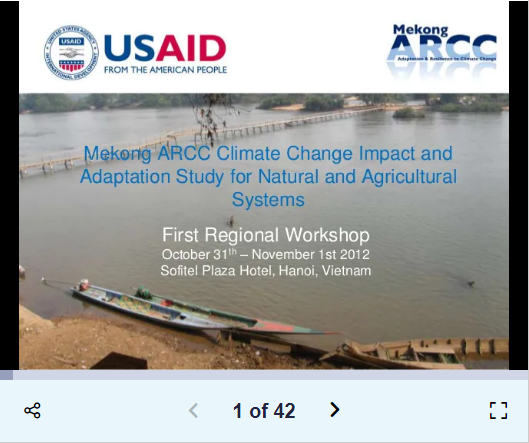 Overview of Mekong ARCC Climate Change Impact and Adaptation Study for the Lower Mekong Basin (LMB)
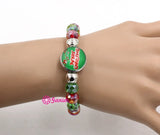 10pcs/lot DIY Red Green Crystal Beaded Christmas Bracelets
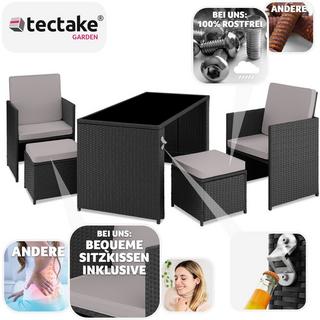 Tectake Salottino in rattan Palermo 2 + 2 + 1  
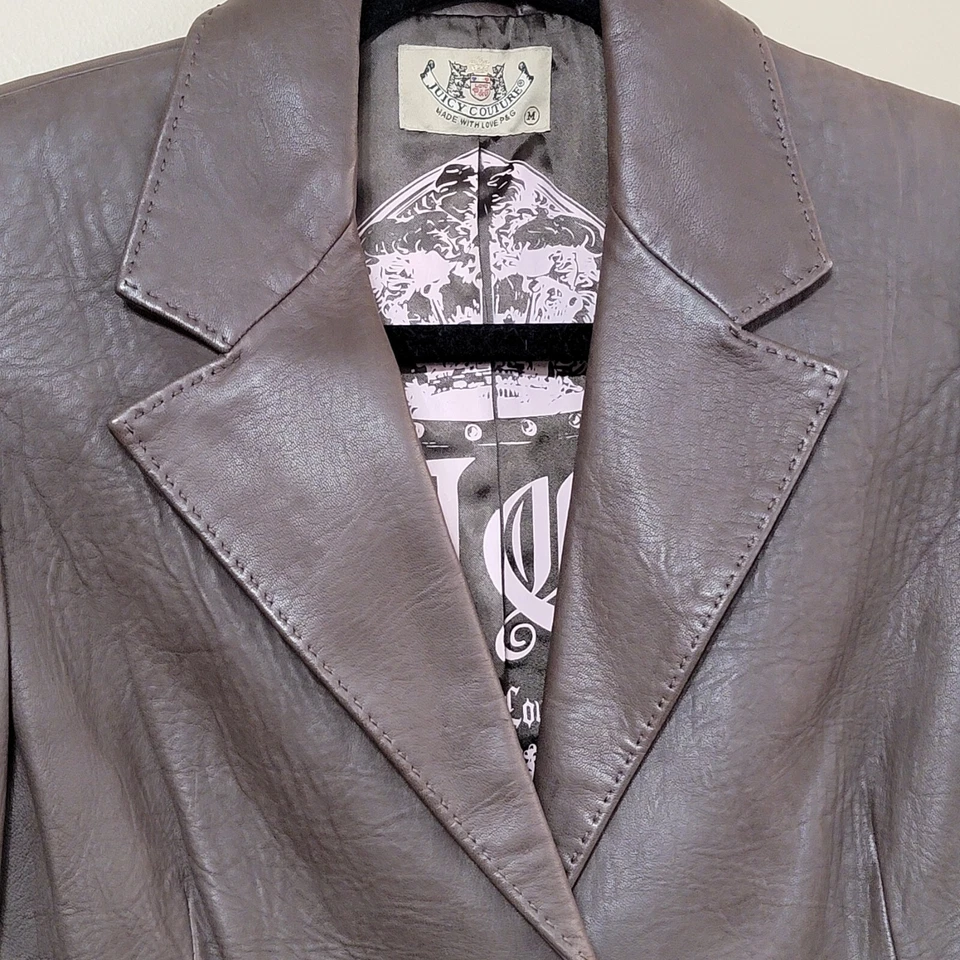 Chaqueta Blazer Vintage JUICY COUTURE Cuero Marrón Recortada Manga 3/4 Talla Mediana Foto 2 de 4
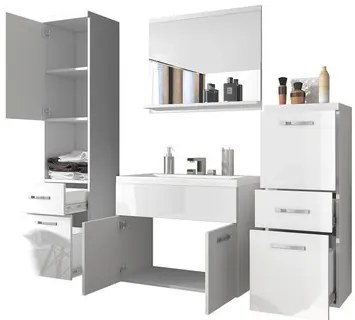 Mobilier baie Lomesa MDF (Stejar wotan + Alb lamel) (cu sifon). 1103972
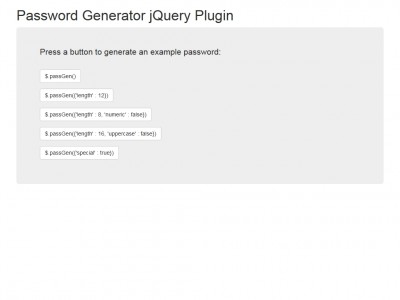 Password Generator jQuery Plugin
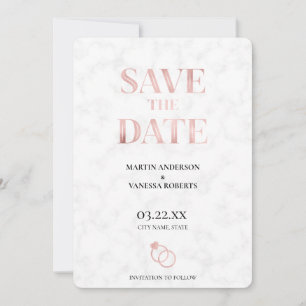 Modern Elegant Rose Gold Marble Wedding Rings Save The Date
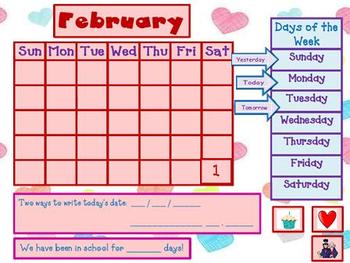Preview of February Math Calendar for Mimio Board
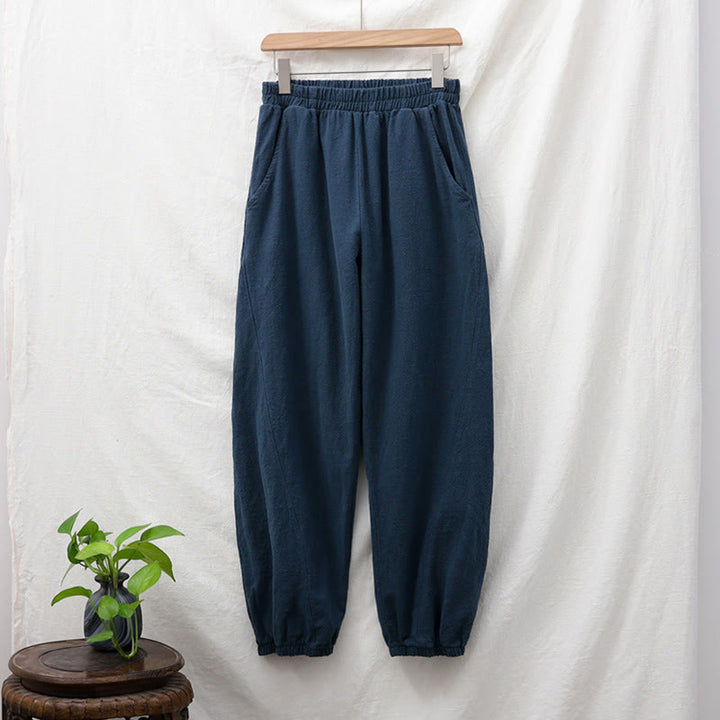Buddha Stones Plain Color Ramie Linen Cotton Pants With Pockets - image 47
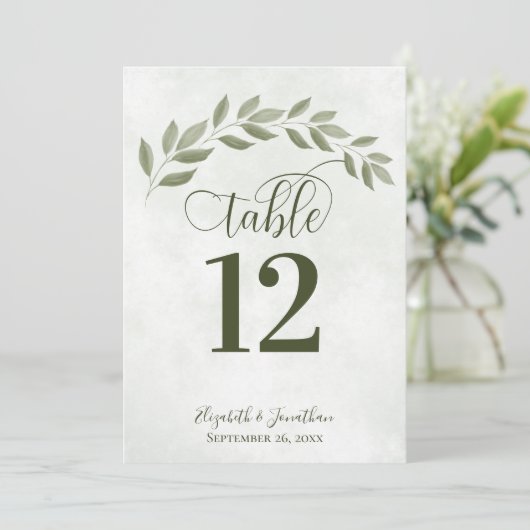 Sage Green Feuille Rustic Mariage Numéro de table (Debout devant)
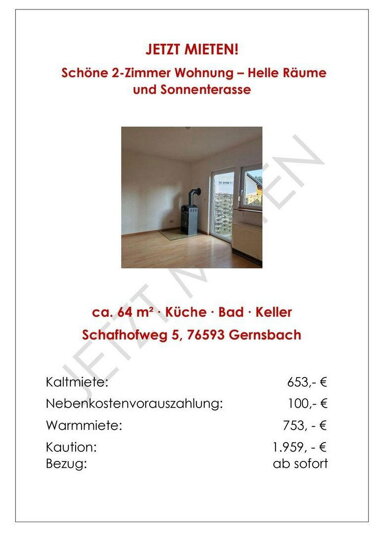 Wohnung zur Miete 653 € 2 Zimmer 64 m² Scheuern Gernsbach 76593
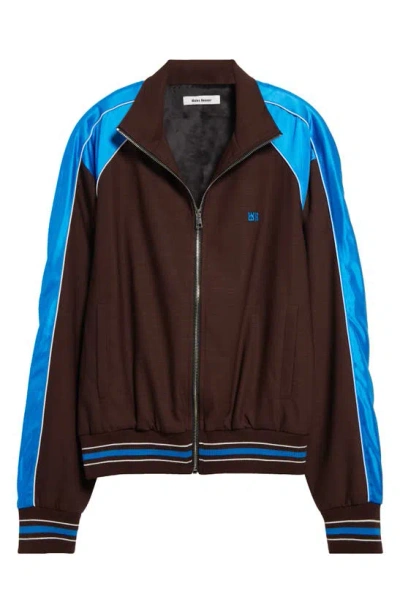 Shop Wales Bonner Courage Track Jacket In Dark Brown And Blue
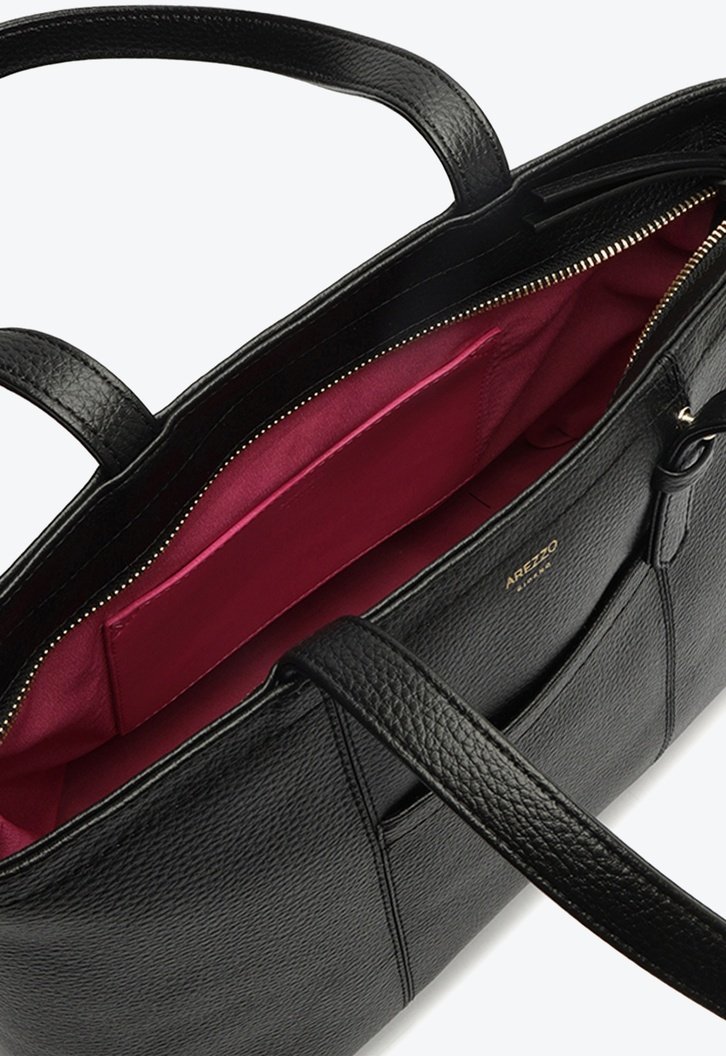 Bolsa Shopping Preta Arezzo Grande Bolso Frontal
----------------
[Try it]
Beginning with the line that contains "Modern Elegant Rose" and ending with the line that contains "Sage Green Feuille", reproduce the listing exactly, pictures excluded.

[Exercise response]
 Modern Elegant Rose Gold Marble Wedding Rings Save The Date
Preview of February Math Calendar for Mimio Board
Buddha Stones Plain Color Ramie Linen Cotton Pants With Pockets - image 47
 Sage Green Feuille Rustic Mariage Numéro de table (Debout devant)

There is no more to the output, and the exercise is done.